HR professionals can help by monitoring the effectiveness of processes. Find out what is and is not working. Don’t let unproductive cycles continue. Be proactive about making adjustments when needed and changing policies that continually fail. Make sure that all of the team members involved have a voice in the new process. You won’t be able to please everyone entirely, but listening to the specific problems should make it easier to form the best possible solution.

Problem:  Us-Against-Them Mindsets

Unproductive cycles are not the only thing that could cause workplace tension. People tend to see their own department as the indispensable function of the entire operation. When focusing on their work, it can seem like everybody else just gets in the way. Working on projects for other departments might seem to impede their own progress. This kind of myopic thinking is easy to slip into when you are working in a silo, but it can be damaging to team dynamics. Synergy is what makes a company successful. The whole must be more valuable than its parts.

A positive workplace relies on happy employees. Having smooth processes in place can help relieve the tension, but there are other ways HR can help. Create a work environment that encourages teamwork. Have the different departments meet and create a mutual plan on the onset of a new project rather than have team 1 start something and send it to team 2. Host events inside and outside of work that help different departments get to know each other socially. Employees that get along are more likely to play nice and work well together.

Problem:  Disjointed Communication

As every HR professional knows, communication needs to be a two-way street. Since many offices rely on email, communication is often asynchronous. Delayed feedback can still be valuable and should have the extra benefit of efficiency for all parties involved. However, it is important to assure that nothing gets lost along the way. In a project-driven work environment, there are always a lot of moving parts. Balls easily get dropped in a flurry of emails, and that can quickly frustrate isolated workers who may feel like nobody else cares about what they need to accomplish.

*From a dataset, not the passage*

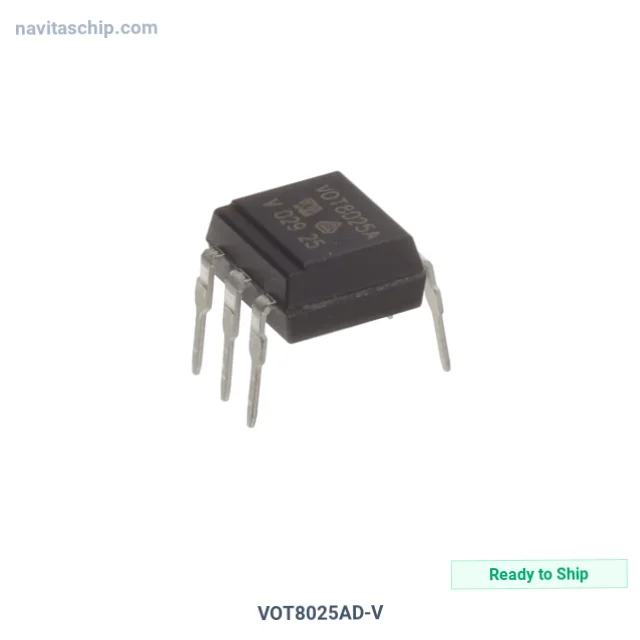VOT8025AD-V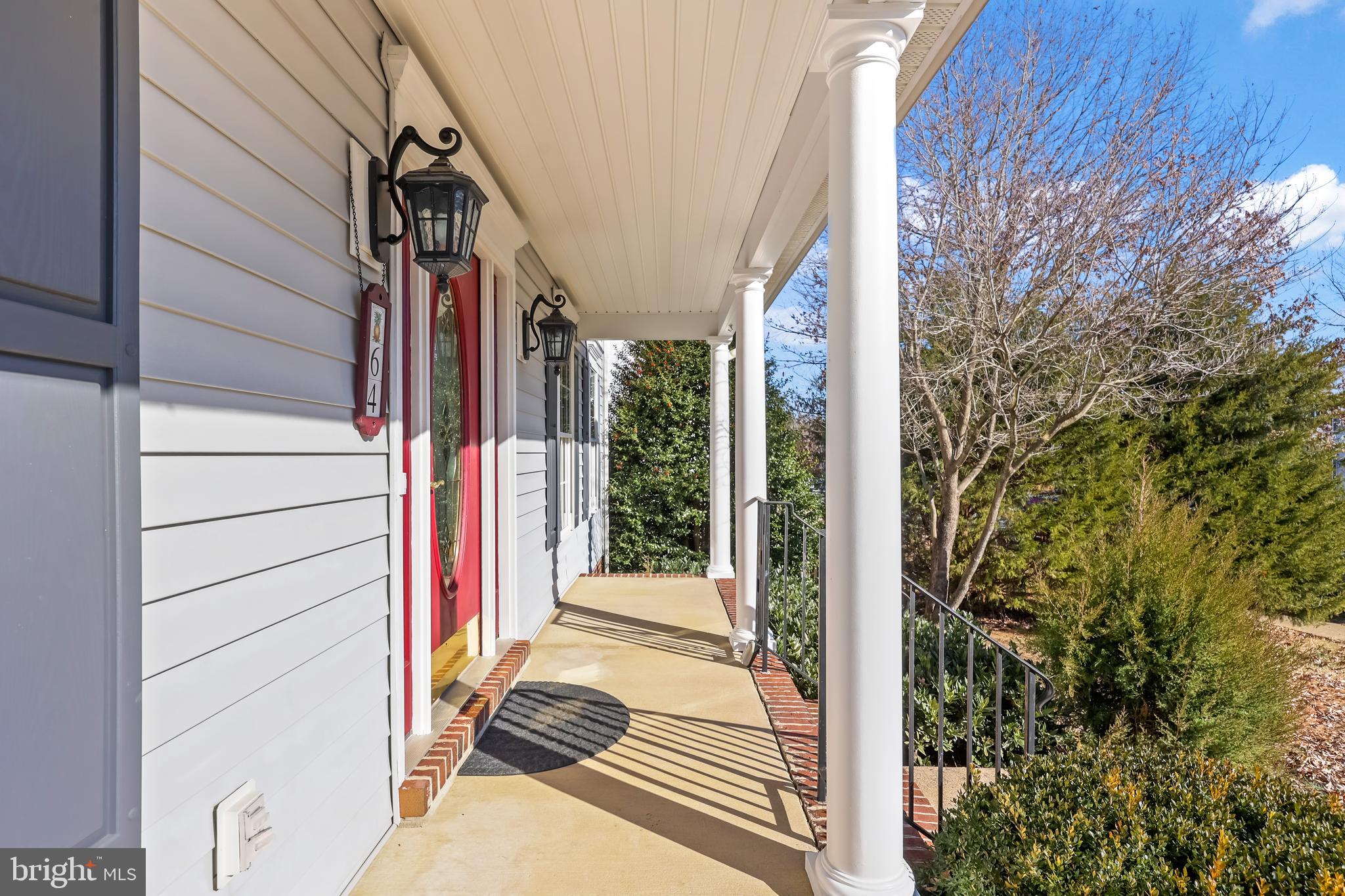 64 WALNUT FARMS PARKWAY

Sometimes there is just no substitute for a face-to-face conversation or an all-hands-on-deck meeting. Give employees opportunities to meet when needed. Aim for a work environment where employees are encouraged to interact freely with one another. HR can set the tone for the entire company through the way that they communicate with employees. 

Problem:  Lonely, Burnt-out Workaholics

The most devastating effect of office silos is probably the psychological toll they can take. Unwavering focus on the task at hand can be damaging. Quality of life and work can suffer as a result. For this reason alone, it’s important to encourage our employees to shed their silo mentality.

HR should encourage employees to take breaks from time to time. Go bounce an issue off a colleague in another department. Suggest that employees step back and see the bigger picture. It can only reaffirm and strengthen their role in the greater whole. When workplace culture allows employees to take time to step away for a few minutes, it can lead to a huge increase in overall job satisfaction.

Division of labor was one of the first hallmarks of civilized society, and the complexity of the workforce demands specialization. There will always be projects and tasks that require employees to work independently. However, interdepartmental communication and accountability are essential. We all need to see how our efforts work into and benefit the entire company. So HR professionals, help your employees knock down those silos! An open workplace will be much happier and the company will be much more successful for it.